Data shown ▸
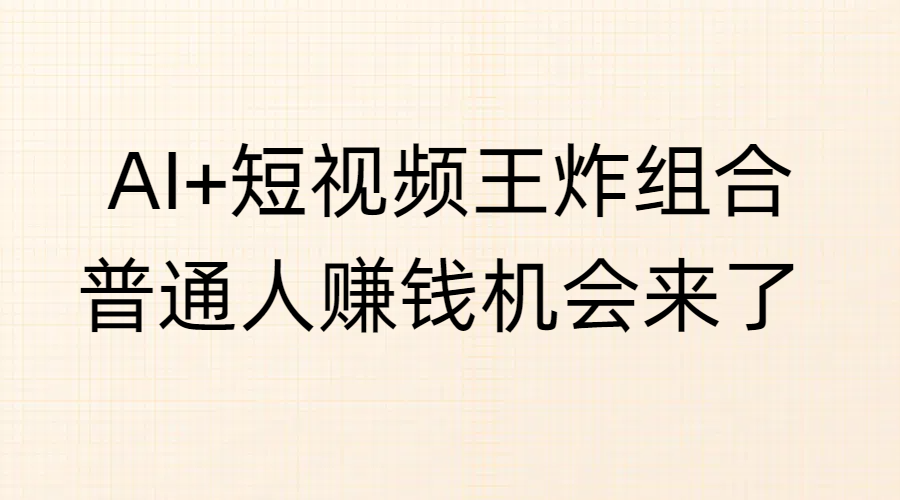 AI+短视频王炸组合，普通人赚钱机会来了-玖儿的学习笔记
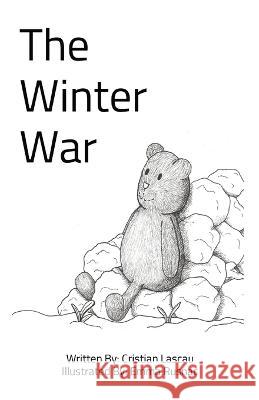 The Winter War Cristian Lascau Emma Rusnac  9798218097752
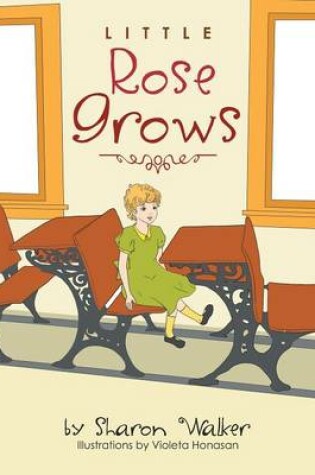 Cover of Little Rose Grows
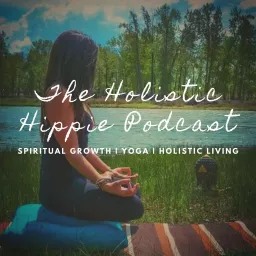 The Holistic Hippie Podcast artwork
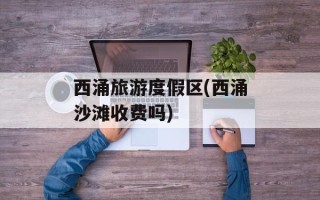 西涌旅游度假区(西涌沙滩收费吗)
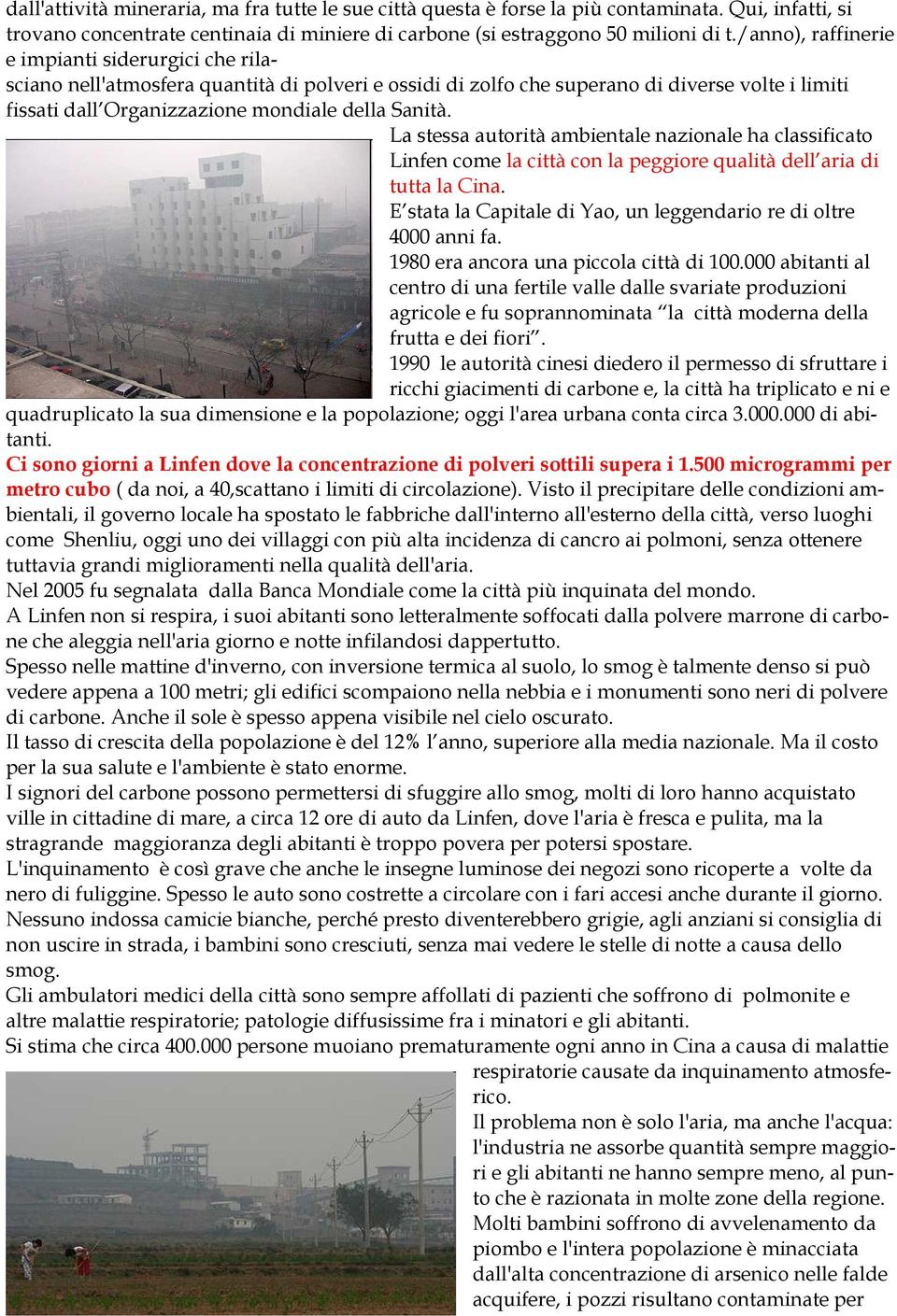 La stessa autorità ambientale nazionale ha classificato Linfen come la città con la peggiore qualità dell aria di tutta la Cina. E stata la Capitale di Yao, un leggendario re di oltre 4000 anni fa.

Prompt ▸ Everything from the line holding "西涌旅游度假区(西涌沙滩收费吗)" to the close of the records should be written out exactly, both ends included, with pictures omitted.

Answer to this problem ▸
 西涌旅游度假区(西涌沙滩收费吗)
 La stessa autorità ambientale nazionale ha classificato Linfen come la città con la peggiore qualità dell aria di tutta la Cina. E stata la Capitale di Yao, un leggendario re di oltre 4000 anni fa.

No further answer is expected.